#6 Après une augmentation dramatique du nombre de morts, des marins-sauveteurs empêchent de justesse un naufrage – première présence humanitaire en mer depuis des mois.

Cette publication de SOS MEDITERRANEE a pour but de faire le point sur les évènements qui se sont déroulés en Méditerranée centrale au cours des deux dernières semaines, soit du mardi 27 octobre au mardi 10 novembre. Il ne s’agit pas de livrer une revue exhaustive des faits, mais plutôt de fournir des informations sur l’actualité de la recherche et du sauvetage dans la zone où nous opérons depuis 2016, sur la base de rapports publiés par différentes ONG et organisations internationales ainsi que par la presse internationale.

  • Plus de 11 000 personnes ont été ramenées de force en Libye depuis le début de l’année, soit plus que pour toute l’année 2019.

Un tragique naufrage s’est produit au large des côtes libyennes le 10 novembre. Au moins 13 personnes sont portées disparues, dont trois femmes et un enfant, après que leur embarcation ait chaviré et qu’un corps ait été retrouvé.

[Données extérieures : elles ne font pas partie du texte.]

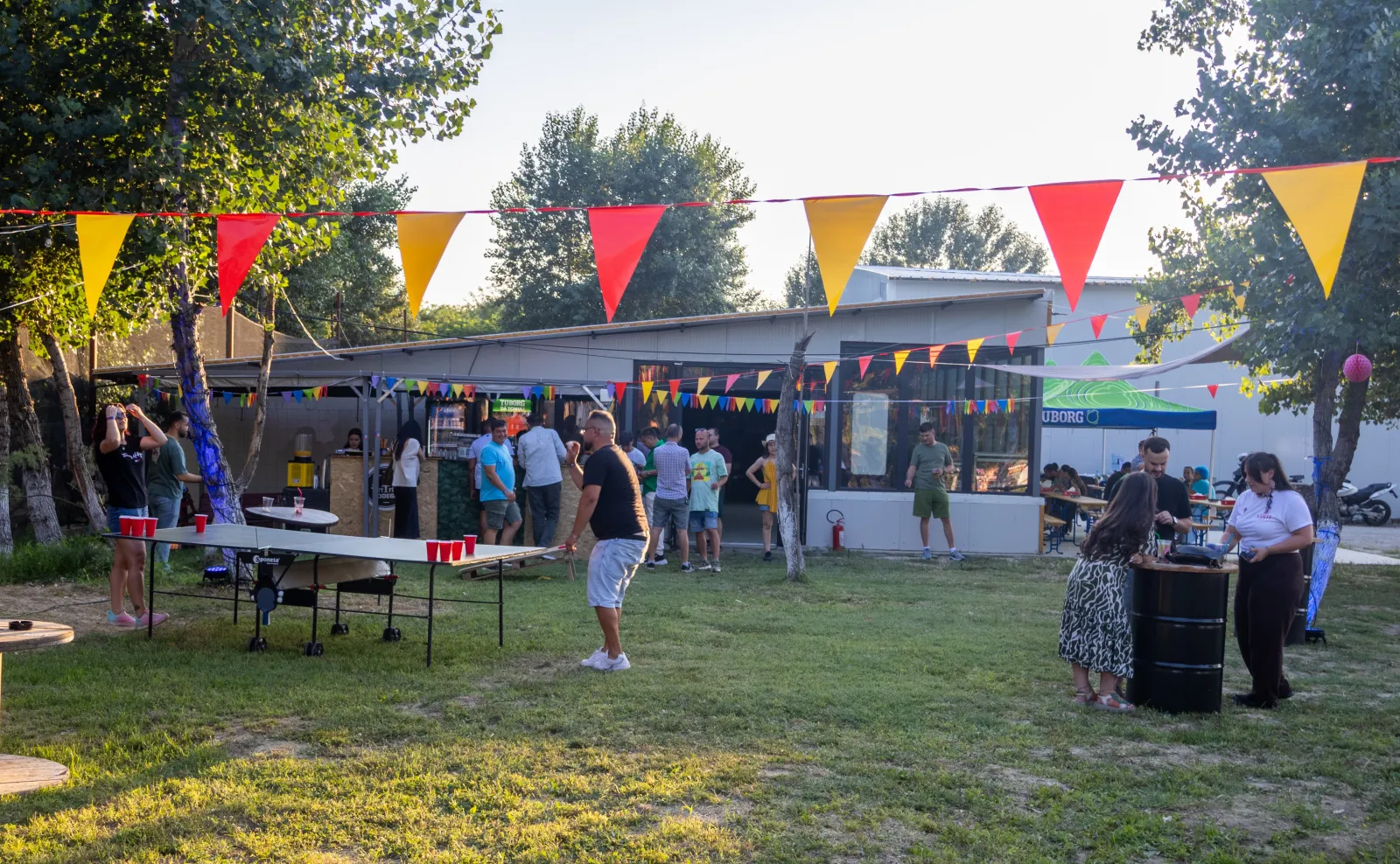 Atmosferă de festival în aer liber — fotografia 12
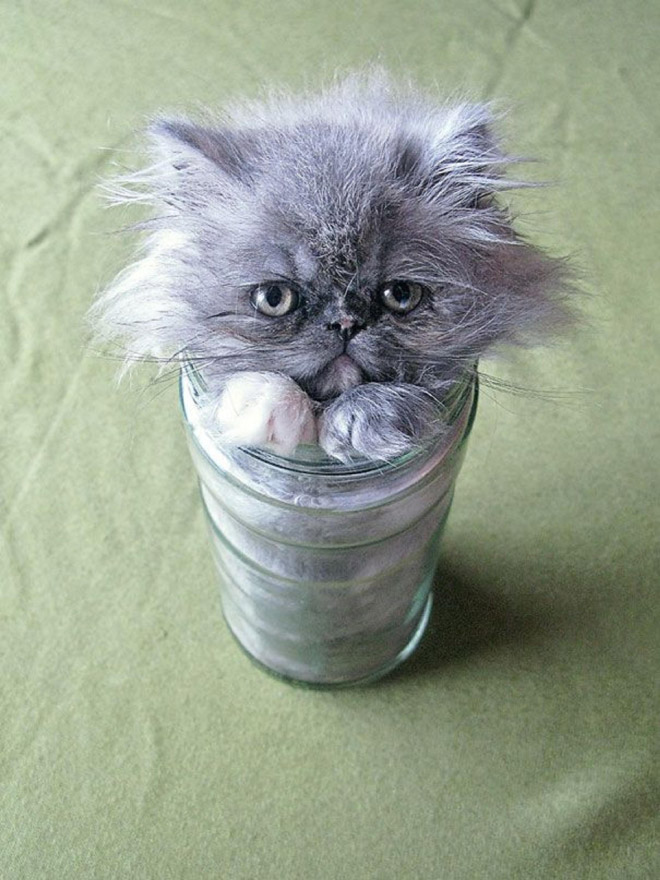 Пожалуй, сяду здесь… 10+ смешных котов в стеклянной посуде Приколы,животные,коты,приколы,смешные коты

Selon le personnel de l’Organisation internationale des migrations (OIM), 11 survivant.e.s ont été renvoyé.e.s en Libye par les garde-côtes libyens. 

Depuis janvier, plus de 11 000 personnes qui tentaient de fuir la Libye ont été interceptées en mer et renvoyées de force dans ce pays, selon l’OIM. C’est plus que le total des personnes interceptées et renvoyées en 2019 (9 225)

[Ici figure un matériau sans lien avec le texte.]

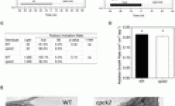 Induction kinetics of photosynthesis following pretreatment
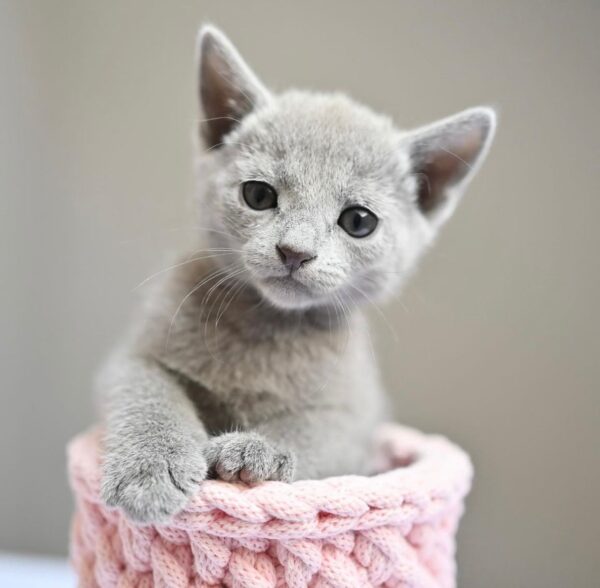 Ana, Russian blue kitten for sale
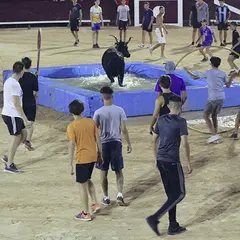 Toro piscine au Palio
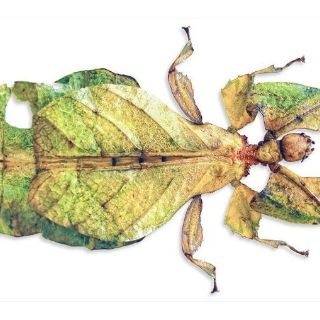 Las virtudes de los insectos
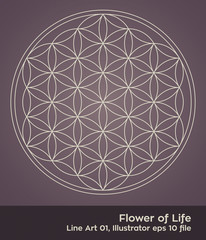 buddhism chakra illustration: Flower of Life Simple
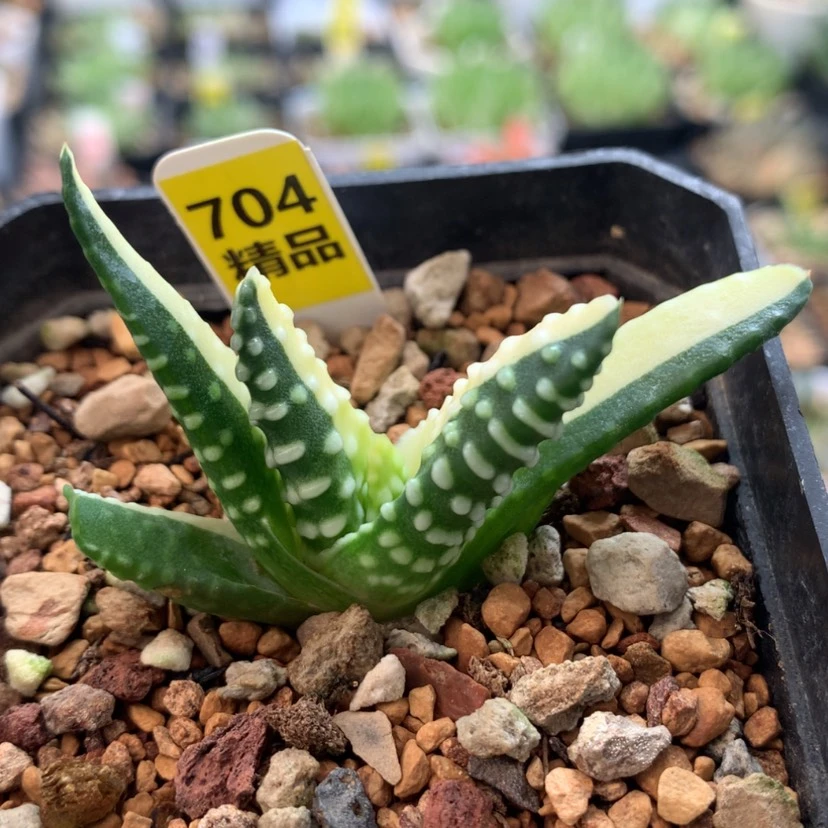 【闪购商品】704泪珠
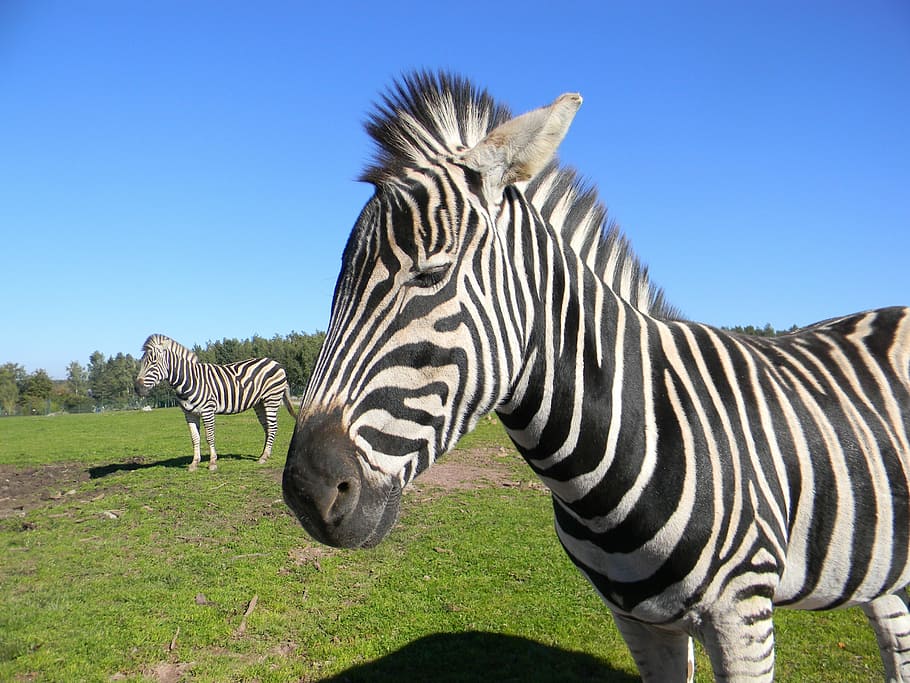 zebra, stripes, zoo, animal, animal themes, animal wildlife HD wallpaper
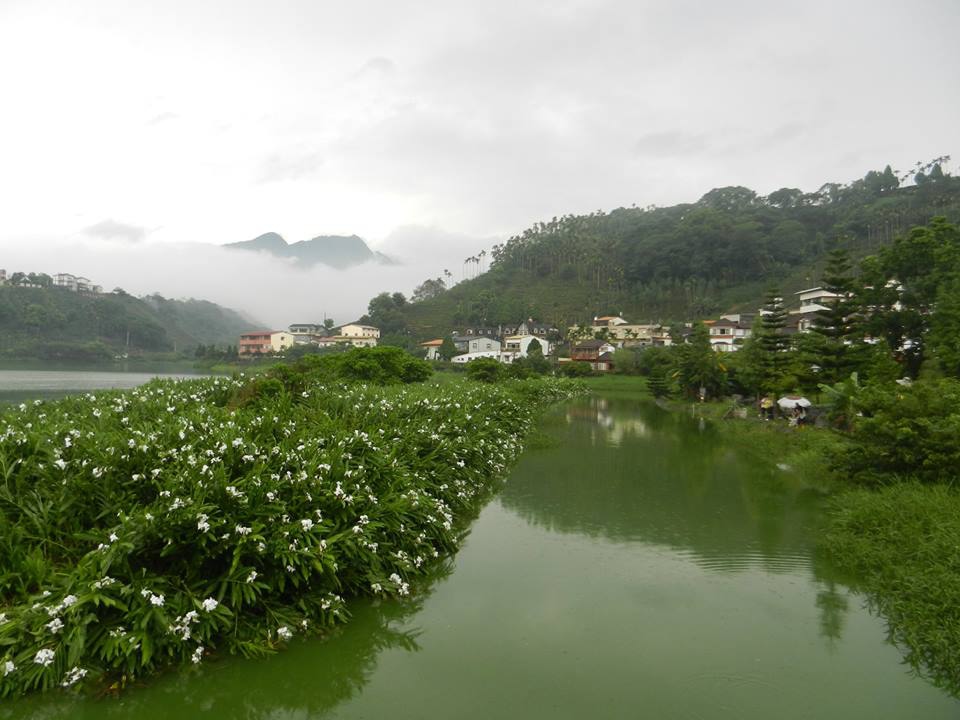 阿雪鹿谷麒麟潭的野薑花 (1).jpg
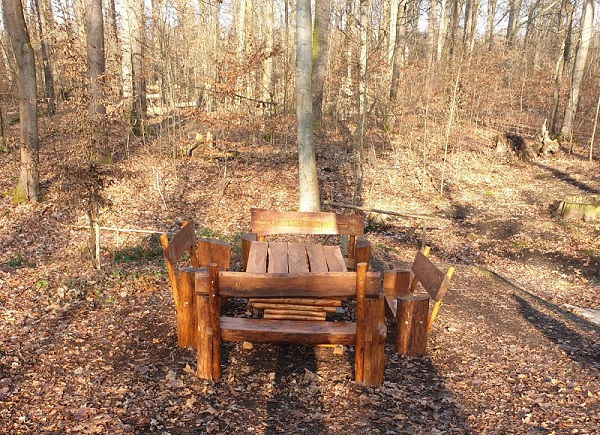 Teilnehmer*innen verschönern den Leinawald Teilnehmer*innen verschönern den Leinawald-2
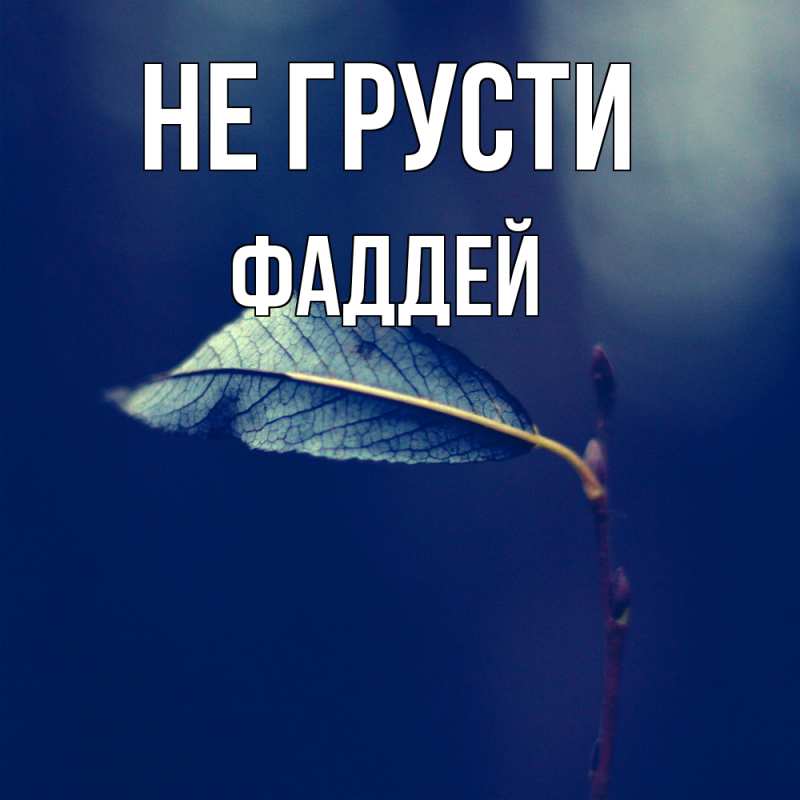 Картинка Не грусти, Фаддей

Rien que pour ces deux dernières semaines, l’OIM fait état de l’interception et du retour forcé de 1 400 femmes, hommes et enfants dont près d’un millier ont été interceptés au cours des trois premiers jours de novembre.

En l’absence d’actions concrètes de la part des États en matière de recherche et de sauvetage, de débarquement sûr et prévisible et de solidarité, davantage de personnes sont renvoyées à l’exploitation et mauvais traitements“, déclare Federico Soda, chef de mission pour l’OIM en Libye.

Trois nouveaux corps ont été repêchés au large des côtes libyennes le 9 novembre, selon l’OIM et un autre cadavre a été retrouvé le 30 octobre.

  • A son retour, l’Open Arms effectue un sauvetage en Méditerranée centrale : une présence essentielle face au blocage de 7 navires de recherche et sauvetage 

Le navire Open Arms de l’ONG Proactiva-Open Arms a quitté le port de Barcelone afin de reprendre sa mission de sauvetage en Méditerranée centrale le 4 novembre. Six jours plus tard, le navire a porté secours à 88 personnes, dont deux femmes enceintes, à bord d’un canot pneumatique partiellement dégonflé en détresse. La veille, l’équipage avait recherché en vain un canot pneumatique en détresse signalé à la dérive avec environ 60 personnes à bord. L’équipage a appris que les garde-côtes libyens l’avaient intercepté avant qu’il n’atteigne la dernière position connue de l’embarcation en détresse. L’équipage a aussi trouvé une embarcation en bois en train de couler, sans personne à bord, et un sac à dos flottant sur la mer.    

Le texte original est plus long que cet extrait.